In themes the ten eclogues develop and vary epic song, relating it first to Roman power (ecl. 1), then to love, both homosexual (ecl. 2) and panerotic (ecl. 3), then again to Roman power and Caesar's heir imagined as authorizing Virgil to surpass Greek epic and refound tradition (ecll. 4 and 5), shifting back to love then as a dynamic source considered apart from Rome (ecl. 6). Hence in the remaining eclogues Virgil withdraws from his newly minted Roman mythology and gradually constructs a new myth of his own poetics--he casts the remote Greek region of Arcadia, home of the god Pan, as the place of poetic origin itself. In passing, he again rings changes on erotic themes, such as requited and unrequited homosexual and heterosexual passion, tragic love for elusive women or magical powers of song to retrieve an elusive boy.
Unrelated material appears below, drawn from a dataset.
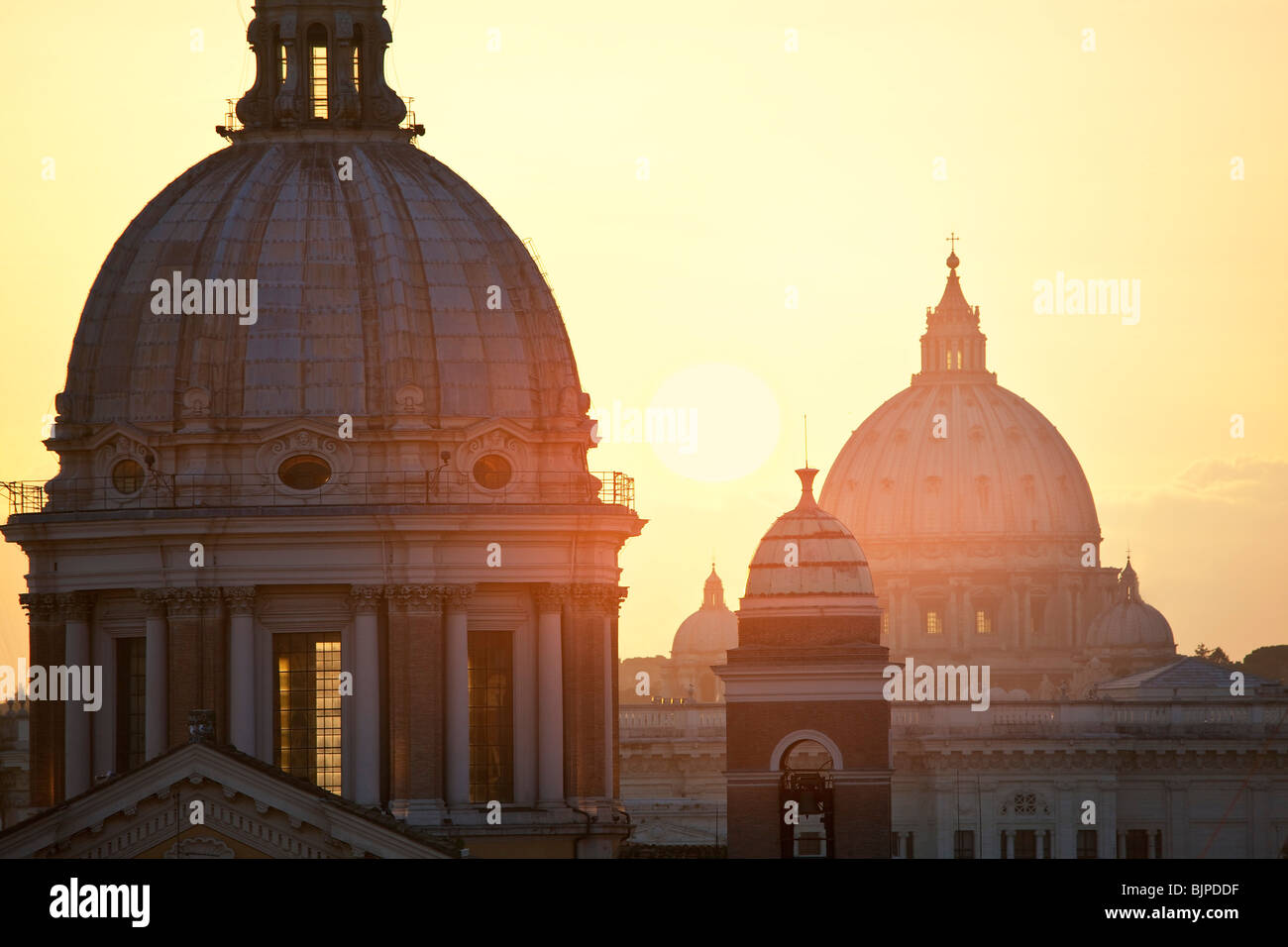 San Carlo al Corso e San Pietro cupole al tramonto, Roma Foto Stock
He concludes by establishing Arcadia as a poetic ideal that still resonates in Western literature and visual arts.

Readers often did and sometimes do identify the poet himself with various characters and their vicissitudes, whether gratitude by an old rustic to a new god (ecl. 1), frustrated love by a rustic singer for a distant boy (his master's pet, ecl. 2), or a master singer's claim to have composed several eclogues (ecl. 5). Modern scholars largely reject such efforts to garner biographical details from fictive texts preferring instead to interpret the diverse characters and themes as representing the poet's own contrastive perceptions of contemporary life and thought.

Biographical reconstruction supposes that Virgil soon became part of the circle of Maecenas, Octavian's capable agent d'affaires who sought to counter sympathy for Mark Antony among the leading families by rallying Roman literary figures to Octavian's side. It also appears that Virgil gained many connections with other leading literary figures of the time, including Horace and Varius Rufus (who later helped finish the Aeneid). After he had completed the Bucolics (so-called in homage to Theocritus, who had been the first to write short epic poems taking herdsmen's life as their apparent theme — bucolic in Greek meaning "on care for cattle"), Virgil spent the ensuing years (perhaps 37–29 BCE) on the longer epic called Georgics (from Greek, "On Working the Earth", because farming is their apparent theme, in the tradition of Greek Hesiod), which he dedicated to Maecenas (source of the expression tempus fugit ["time flies"]). Virgil and Maecenas took turns reading the Georgics to Octavian upon his return from defeating Antony and his consort Cleopatra at the Battle of Actium in 31 BCE. In 27 BCE the Roman Senate conferred on Octavian the more than human title Augustus, well suited to Virgil's ambition to write an epic to challenge Homer, a Roman epic developed from the Caesarist mythology introduced in the Bucolics and incorporating now the Julian Caesars' family legend that traced their line back to a mythical Trojan prince who escaped the fall of Troy.